* **TASK BRIEF**:
From the first line of the listing to the last, set down everything exactly, but skip the images.

*** Opening of RECORD EXCERPTS ***

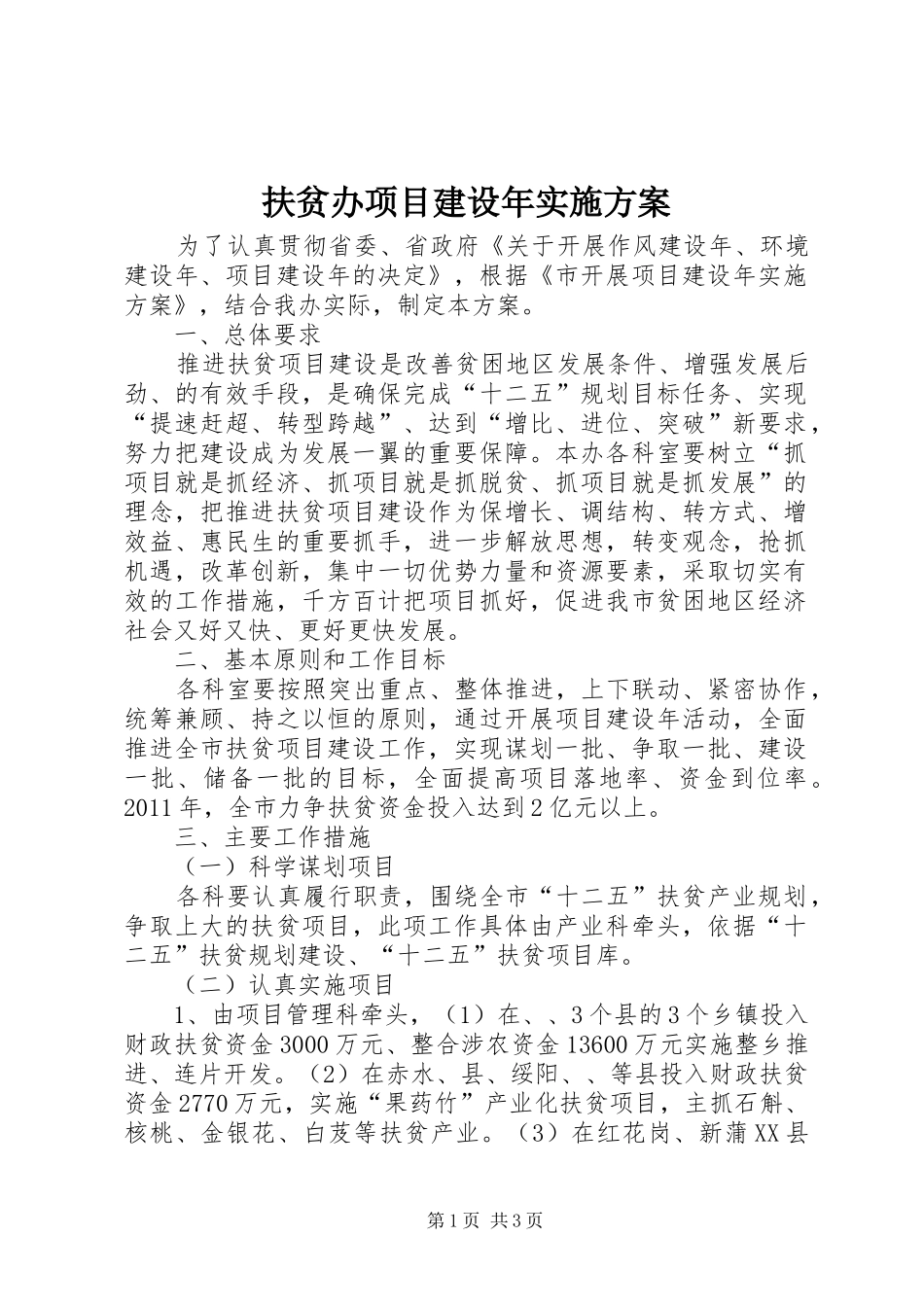 扶贫办项目建设年实施方案_第1页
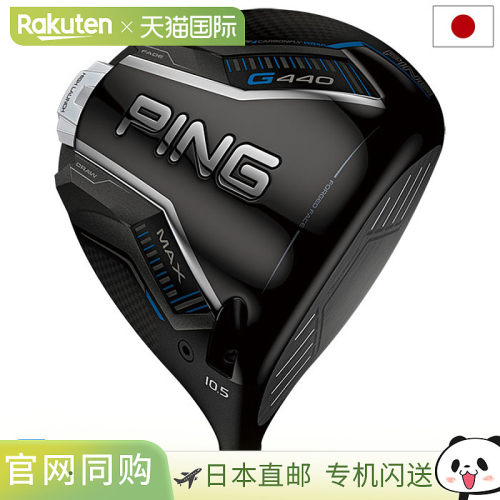 日本直邮PING G440 HL MAX 一号木 男士 SPEEDER NX 灰色 35/40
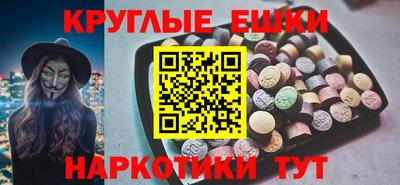 героин Ставрополь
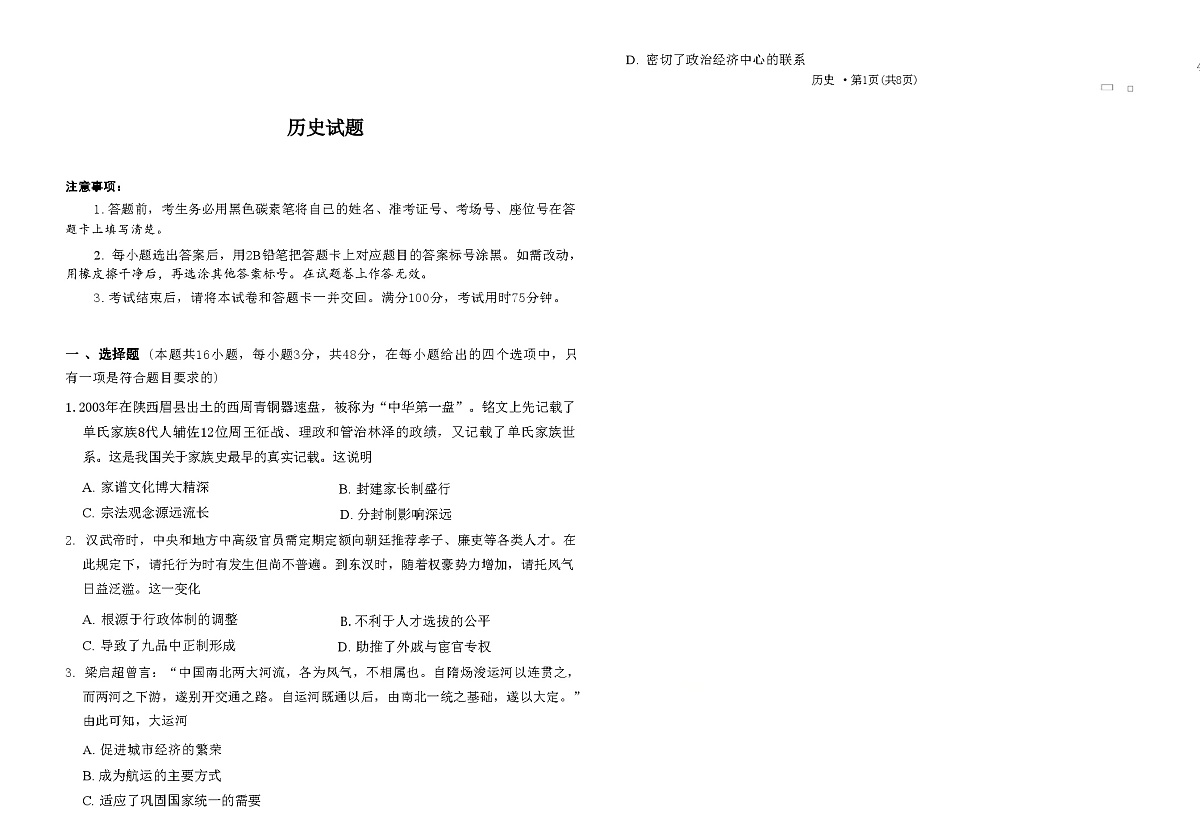 历史试题第1页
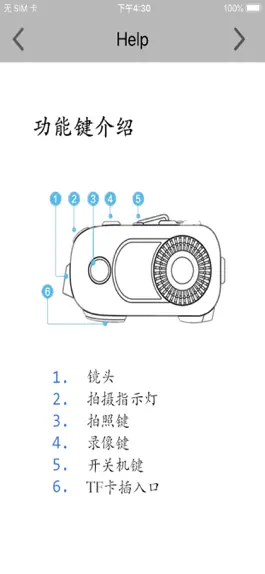 Game screenshot AiRide Cam apk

*** Close of RECORD EXCERPTS ***

* **RESULT**:
 扶贫办项目建设年实施方案_第1页
 日本直邮PING G440 HL MAX 一号木 男士 SPEEDER NX 灰色 35/40
 героин Ставрополь
 历史试题第1页
 Game screenshot AiRide Cam apk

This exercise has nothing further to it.